## Task description
Write out the data word for word and drop any picture you find.

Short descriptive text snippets

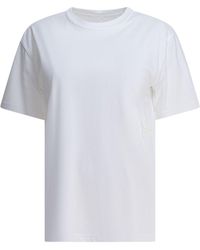 Alexander Wang - Essential Jsy Ss T-shirt Met Bladerdeeglogo En Gebonden Nek - Lyst
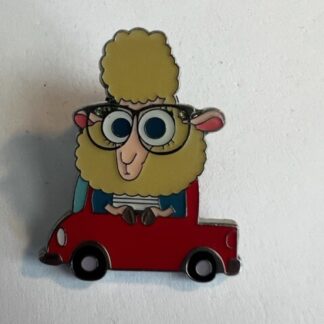 SDR Zootopia Racing Games Bellwether In Red Car LE Disney Pin (C1)
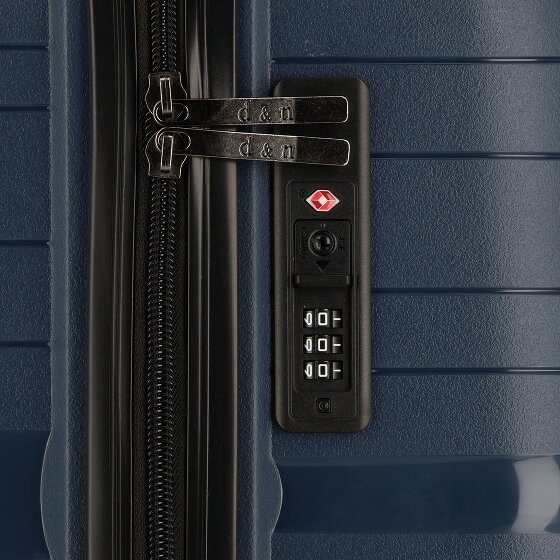 d&n Travel Line 4300 4 wielen Trolley L 78 cm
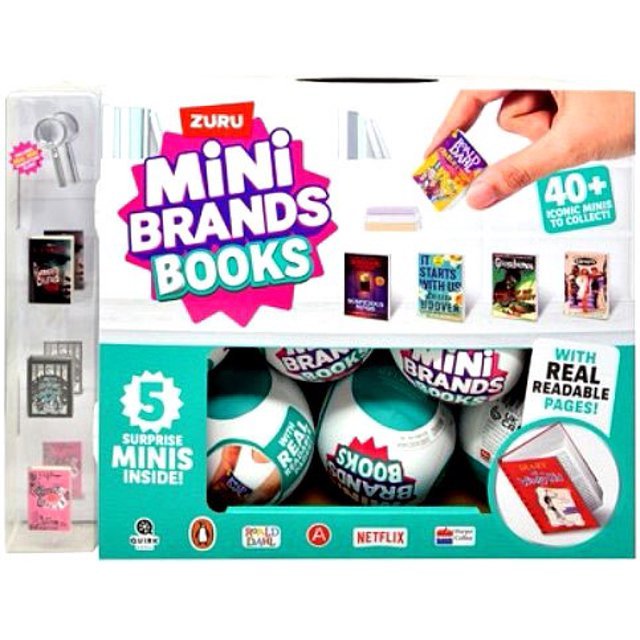 5 Surprise Mini Brands Books Full Case [25 Capsules]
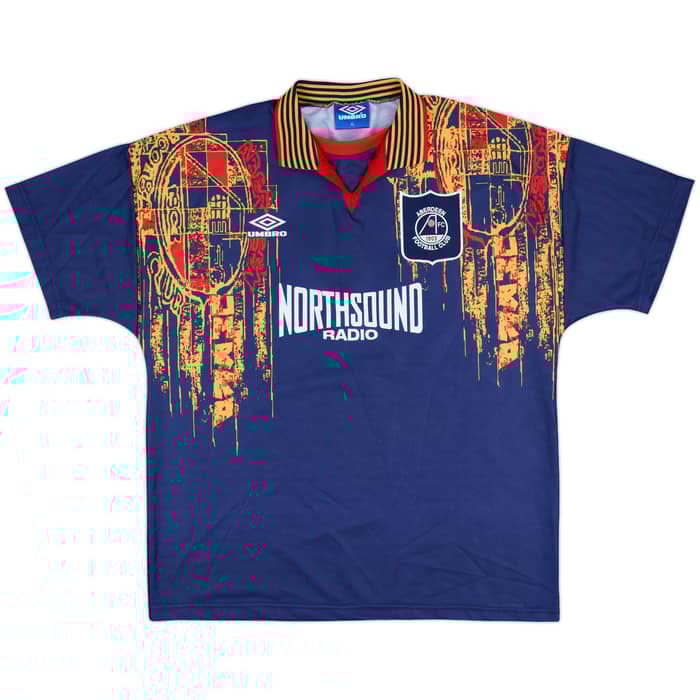 1994-96 Aberdeen Away Shirt - 9/10 - (XL)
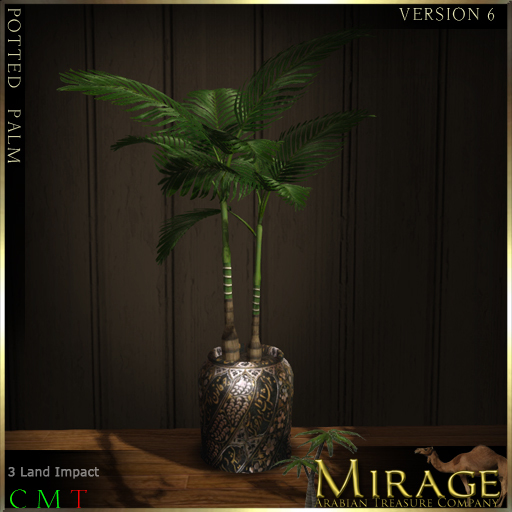 =Mirage= Potted Palm - Version 6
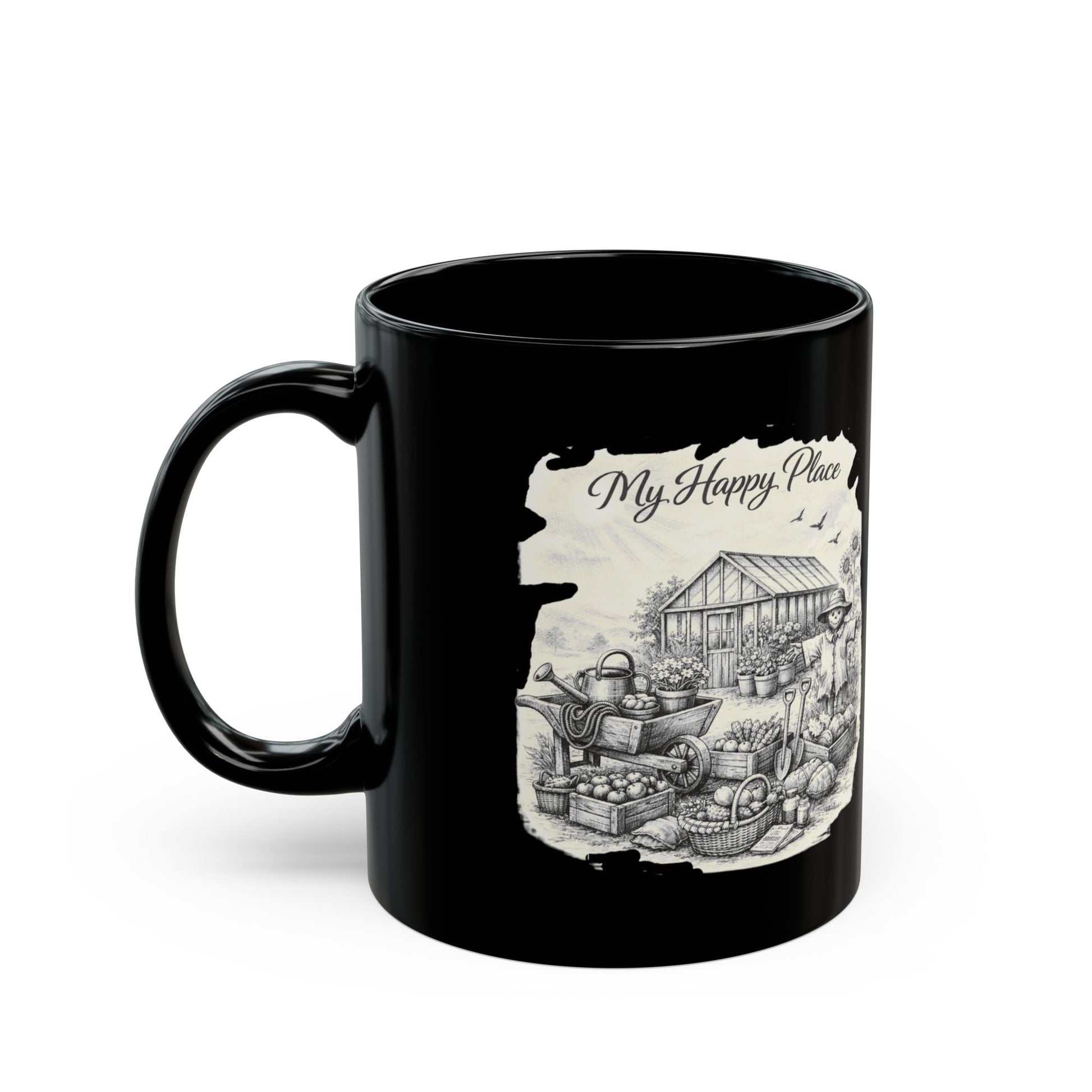 My Happy Place Mug for Gardeners and Allotment Owners - SJM Print Store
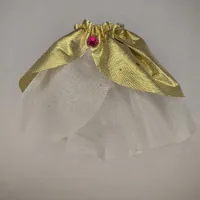 Belville, Skirt, Long, Sheer with Golden Layer and Pink Jewel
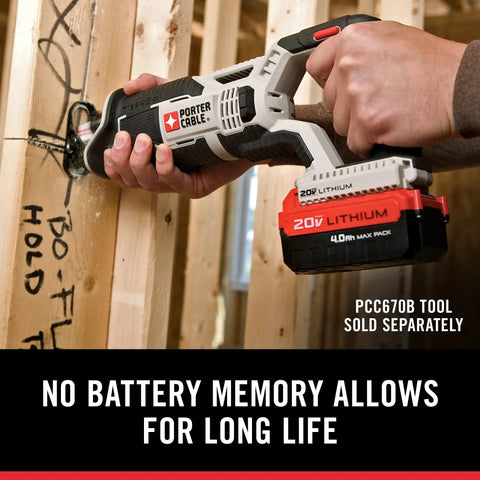 Heavy Duty 20V Max Lithium Ion Battery 4 0 Ah Two Pack in use on jobsite, fits cordless tools for seamless performance.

## Response
 Alexander Wang - Essential Jsy Ss T-shirt Met Bladerdeeglogo En Gebonden Nek - Lyst
 SDR Zootopia Racing Games Bellwether In Red Car LE Disney Pin (C1)
 d&n Travel Line 4300 4 wielen Trolley L 78 cm
 5 Surprise Mini Brands Books Full Case [25 Capsules]
 1994-96 Aberdeen Away Shirt - 9/10 - (XL)
 =Mirage= Potted Palm - Version 6
 My Happy Place Mug for Gardeners and Allotment Owners - SJM Print Store
 Belville, Skirt, Long, Sheer with Golden Layer and Pink Jewel
 Heavy Duty 20V Max Lithium Ion Battery 4 0 Ah Two Pack in use on jobsite, fits cordless tools for seamless performance.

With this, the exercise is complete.